Bien que peindre sur les murs librement est interdit, presque partout dans le monde, les street artistes se sont pourtant imposés car le risque et la transgression sont dans l’ADN de ce mouvement.
D’un côté, il y a ceux qui cherchent des emplacements numéro 1, c’est a dire les plus visibles, les plus exposés, où une autorisation est nécessaire. Comme Alexandre Farto aka Vhils par exemple. Ce génial artiste qui défonce les murs au marteau, au burin, au marteau piqueur et parfois même à l’explosif peut difficilement intervenir en pleine ville sans se faire voir, et surtout sans se faire entendre, donc sans autorisation.
De l’autre côté, Il y a ceux qui revendiquent leur liberté totale et ne négocient pas avec les autorités, à l’image de ce mur peint librement, sans commande, par l’artiste brésilien Luis Martins aka L7m dans sa ville de Sao Paulo… Quel vandale !
Alors, qu’en pensez-vous ? autoriser ou interdire ? et qui décide ?
Le droit à créer dans l’espace public reste la question fondamentale et structurelle de ce mouvement.
En fait, les street artistes ont choisi leur camp. Ils ont pris la rue de gré ou de force, propulsés ces 10 dernières années par un spectaculaire amplificateur, un autre espace de liberté : Le web
Une œuvre peinte aujourd’hui peut être vue par des millions de personnes demain. Les photos de street art abondent littéralement sur les réseaux sociaux.. et font parfois le buzz, comme avec ce type de photo par exemple (cf. ci-dessous : Robson Melancia Graffiti) qui réunit tous les ingrédients pour rebondir de mur en mur, de tweet en tweet, d’instragram en instagram.
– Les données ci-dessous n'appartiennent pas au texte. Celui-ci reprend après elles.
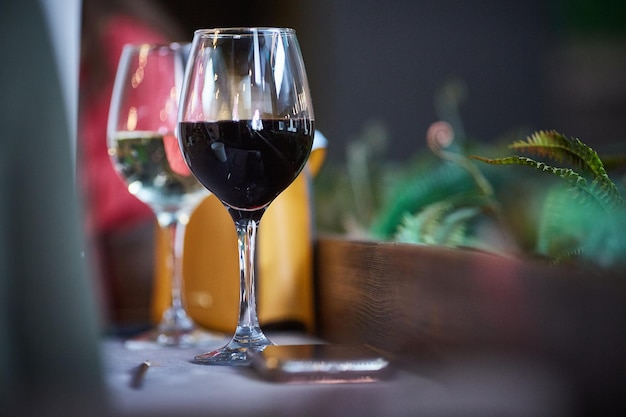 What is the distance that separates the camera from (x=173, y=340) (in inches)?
33.3

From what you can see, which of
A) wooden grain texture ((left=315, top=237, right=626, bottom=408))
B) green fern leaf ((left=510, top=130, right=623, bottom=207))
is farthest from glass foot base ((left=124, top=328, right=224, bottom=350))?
green fern leaf ((left=510, top=130, right=623, bottom=207))

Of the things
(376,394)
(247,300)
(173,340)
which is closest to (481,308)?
(376,394)

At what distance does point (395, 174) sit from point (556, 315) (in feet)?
2.62

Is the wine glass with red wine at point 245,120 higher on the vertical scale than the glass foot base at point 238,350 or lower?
higher

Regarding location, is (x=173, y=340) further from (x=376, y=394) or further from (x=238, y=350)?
(x=376, y=394)

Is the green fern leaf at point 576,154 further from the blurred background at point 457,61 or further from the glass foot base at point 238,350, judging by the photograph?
the blurred background at point 457,61

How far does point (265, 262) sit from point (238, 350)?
247mm

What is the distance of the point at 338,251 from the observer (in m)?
0.82

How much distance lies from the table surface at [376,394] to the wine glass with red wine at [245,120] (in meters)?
0.09

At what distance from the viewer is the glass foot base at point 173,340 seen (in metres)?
0.83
C’est marrant, cet art qui est sorti du cadre revient dans celui de nos petits écrans via nos téléphones devenus des capteurs d’images omniprésents.
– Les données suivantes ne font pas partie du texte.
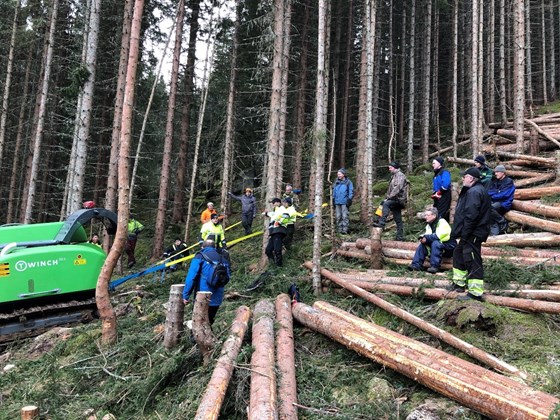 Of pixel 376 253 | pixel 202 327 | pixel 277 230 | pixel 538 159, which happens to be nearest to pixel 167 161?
pixel 277 230

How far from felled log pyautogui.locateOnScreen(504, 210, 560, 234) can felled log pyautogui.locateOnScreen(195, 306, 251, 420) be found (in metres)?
6.98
C’est un mouvement étonnant à observer : La fréquentation massive “à distance” via les écrans génère en retour une fréquentation des oeuvres dans la vraie vie. L’habitant, le touriste, l’amateur d’art se déplace dans la rue pour voir les oeuvres. Des oeuvres qui se densifient et s’agrègent dans des zones urbaines “favorables” à la création.
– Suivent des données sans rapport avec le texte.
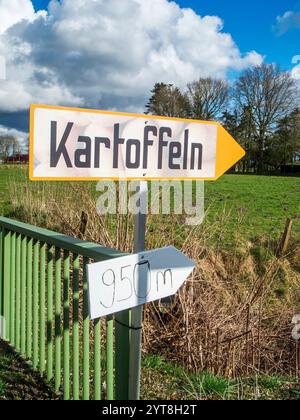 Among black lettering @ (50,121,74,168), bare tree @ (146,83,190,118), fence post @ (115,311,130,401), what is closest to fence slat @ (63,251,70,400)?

Certains quartiers sont devenus des musées à ciel ouvert tant la densité d’œuvres est importante. Wynwood à Miami, le East End à Londres, Kreusberg à Berlin ou Vitry-sur-Seine près de Paris se visitent comme des musées, avec des guides et des tours organisés par le monde associatif et touristique.
Grace à internet, cet art éphémère est devenu éternel et mondialement populaire avant d’être officiellement reconnu.
L’art urbain est devenu bankable. Il affiche même des records comme cette toile de Banksy qui a atteint le prix ahurissant de 1 700 000 $ au bruit du marteau d’une vente aux enchères à New York en 2008.
La boucle est bouclée : Les artistes qui sont sortis du cadre pour rejoindre la rue reviennent dans celui plus lucratif du marché de l’art.
Comme un appel d’air, la renommée et la réussite fulgurante de quelques uns motivent les jeunes artistes à prendre la rue… et certainement la relève !
Mais, même s’il est devenu bien présent, l’argent n’est pourtant pas le véritable moteur de ce mouvement artistique.
Cette citation de Victor Hugo me parle : “La rue est le cordon ombilical entre le citoyen et la société”.
La démocratie est née dans la rue. la démocratie s’exprime dans la rue. Nous sommes bien placés en France pour le savoir.
Qu’il porte ou non un message politique, le street art révèle de manière pacifique la santé de nos démocraties et l’humeur de l’époque. Joie, colère, humour, injustice, amour, tristesse… s’expriment sans autorisation sur les murs, avec parfois la douleur d’un peuple tout entier comme ce mur peint l’an dernier à Paris par Julien « SETH » Malland, le lendemain des attentats du 13 novembre 2015.
Le street art nous connecte à la ville et à la vie sociale. Il tisse un lien entre nous et la société pour reprendre la citation de Victor Hugo. Il devient un bien et un langage commun.
C’est un art facétieux qui joue avec les effets de surprise. C’est une invitation à SORTIR, à EXPLORER la ville, à lever le nez, à être attentif, à quitter les sentiers battus et les autoroutes touristiques.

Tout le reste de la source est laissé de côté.